A construct based on the idea that the host nation expects immigrant populations to adhere and adopt host nation public values such as democracy and individual freedom but are free to maintain individual and native cultural values as long as they are within the wide confines and boundaries of host laws (native language use is OK but polygamy would not be acceptable). The policies adopted by the state would reflect a positive view of immigrants maintaining their diverse cultures and would support these differences not only socially but possibly financially. It is this last detail of financial support or government enactment of positive policy that differentiates this from a more civic ideology and state policy. Some Scandinavian countries as well as other western democracies have at times leaned this way to encourage cultural diversity and set acculturation as a state goal.

===Civic ideologies===

These policies would also maintain the premise that immigrants adopt host nation public values and that individual values are not to be dictated or regulated by the host government. But in civic ideologies, there is no public financial support for these private values or for the continuation and flourishing of the particular culture. The cultural identities and values are allowed but not promoted by the host nation in a government policy of non-intervention. Many European countries and various Latin American countries espouse a civic ideology to some extent. These countries often witness flourishing immigrant populations that maintain a cultural identity and sometimes language.

===Assimilation ideology===

These are the set of beliefs and policies that support both the adoption of public values by the immigrant population but also of some private values of host nation dominant culture. We would expect these policies to dictate such aspects like a single language in the schools and encourage voluntary (sometimes mandatory) cultural integration at all levels to homogenize the expressions of the immigrant population with that of the host nation. This could not only be voluntary but encouraged or mandated and expected to happen over time. The US had essentially assimilation policies until the great influx of immigrants during the last half of the past century at which time the country has softened its attitudes and policies toward a more civic ideology. A variant to the assimilation ideology is the Republican ideology similar to that expressed in France as far back as the revolution that supposes a "universal man" that is able to suppress less desired, backward, cultural traits and require a "leveling out" in order to fully participate as an equal in the society.

===Ethnist ideology===

This is basically the idea that the state can mandate the whole of public and private values and make them a precondition to full citizenship. It occasionally is manifested in the mandatory taking of host country values as necessary by the immigrant populations or more often this ideology is expressed in a requirement to be part of an ethnicity, religion or race to be accepted as a citizen. Governments may enact blood relations requirement or parentage to conditions for citizenship. Witness countries like Switzerland, Israel and Japan where immigrants are not accepted as they lack the ethnic blood to become full members of the citizenry and can only be allowed a lesser status such as guest worker or second class citizen.

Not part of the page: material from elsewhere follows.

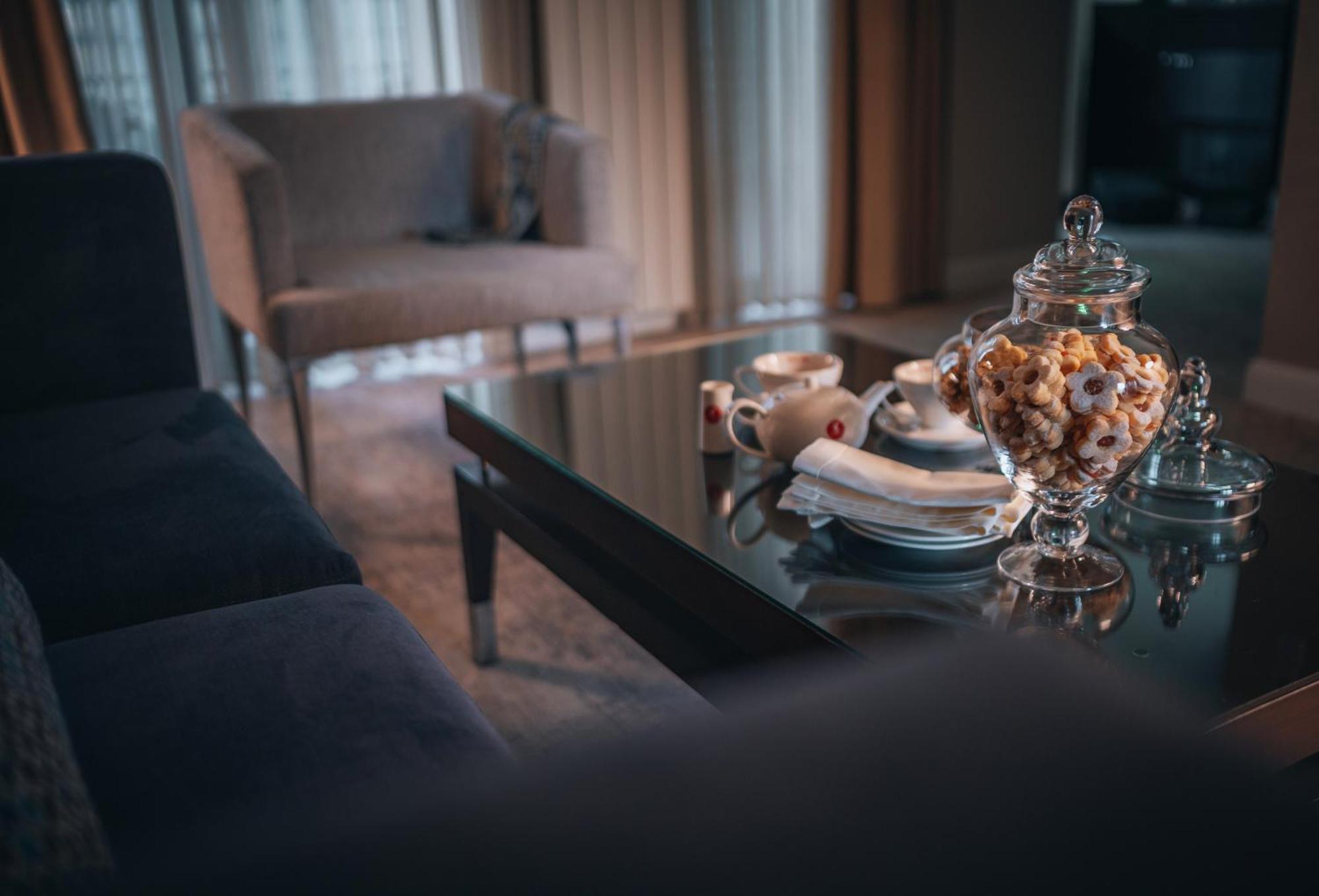 Boutique Hotel Townhouse 27 Belgrado Quarto foto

==Immigrant population attitudes==
The attitudes of immigrant populations that shape their acculturation and level of assimilation into the host society vary widely. One attitude in particular that has been explored is the concept of biculturalism. Under Gordon's (1964) proposal, he identifies a unidimensional model of acculturation that immigrant groups undergo over time as they strive to maintain equilibrium between their own culture/heritage against those of their adoptive host state. This equilibrium is essentially biculturalism, where the immigrant population retains features of their heritage culture while adopting key elements of the host’s culture. Biculturalism is transitory however, and over time, the immigrant population eventually assimilates into the culture of the host nation and becomes a "rightful member" of the majority, to fit into the existing social structure of the host society.

===Criticism===

Critics of the unidimensional model cite the influx of technologically and culturally advanced European powers into less developed societies into the new world that in essence assimilated the host society. The unidimensional model fails to account for the fact that the host majority is also changed by the presence of culturally distinctive immigrants.

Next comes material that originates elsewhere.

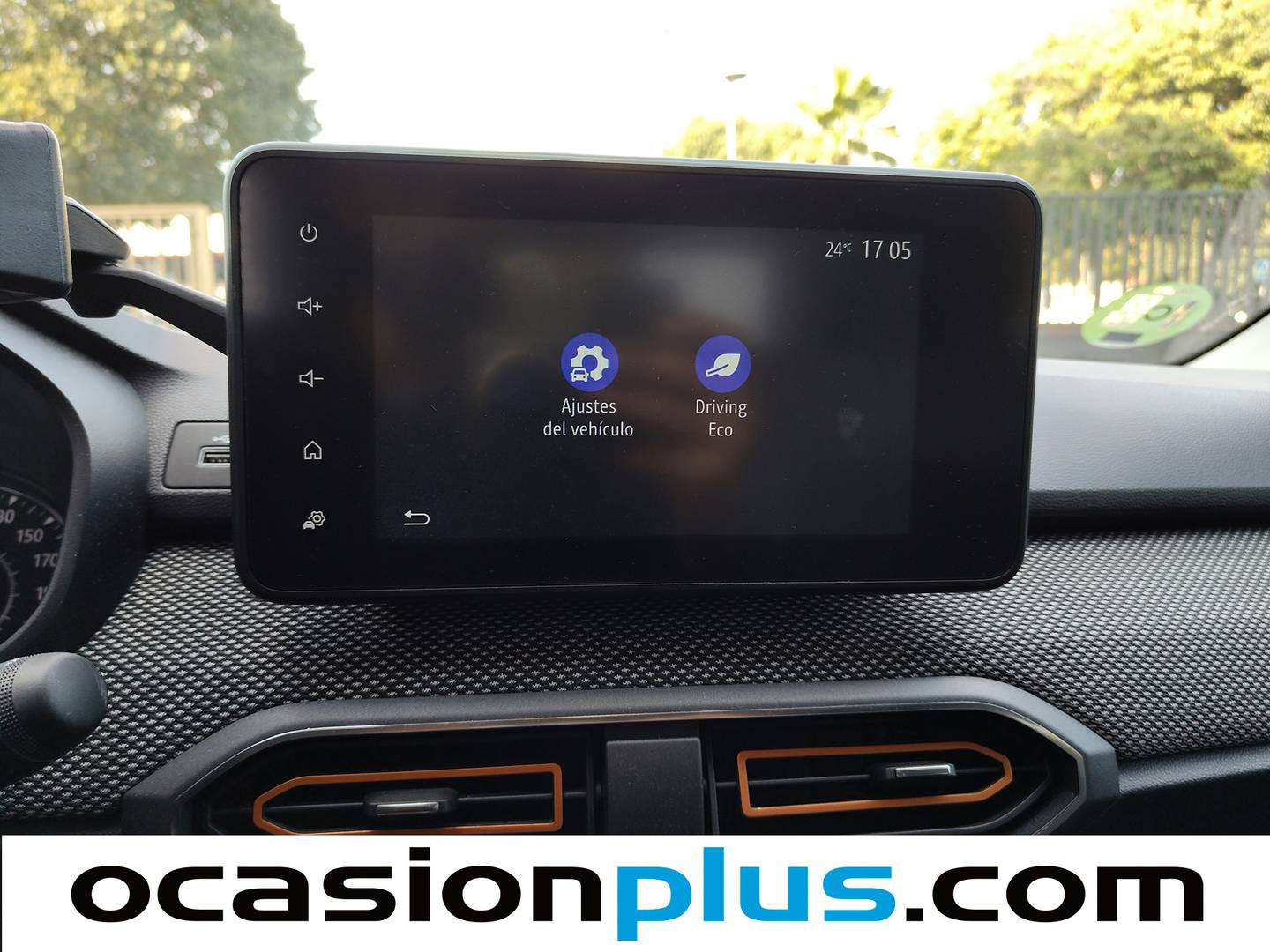 Dacia Sandero Dacia Sandero Stepway Comfort TCe (91 CV) km 0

===Bidimensional model of acculturation===

Efforts to explain further acculturation and assimilation among immigrant populations led to the formulation of the Bidimensional model of acculturation. Under this model, more importance is placed in viewing the importance immigrant populations identify with the aspects of their own culture. Under the Berry’s model of acculturation, immigrant’s attitudes are described as being focused on two points; 1) "Is it considered to be of value to maintain cultural identity and characteristics?" and 2) "Is it considered to be of value to maintain relationships with other groups?"

Various studies among Portuguese, Hungarian, Korean, and Lebanese immigrant in Canada and Indian Immigrants in the US found that the majority of these groups desired "integration" versus marginalization. Further results off the study would go on to show that these groups who desired integration suffered less from "acculturation stress" than others. According to Berry, the fact that integration was the most widely preferred mode of acculturation in his studies suggests that pluralism [where a state expects immigrants will adopt the public values of the host country (democratic ideals and criminal codes) but has mandate defining private values] may constitute the ideology that best reflects the orientation of many first-generation immigrants in North America. It can thus be argued that immigrants desire to hold on to elements of their own culture but also assimilate aspects of their host culture, thus becoming "integrated" into their host society.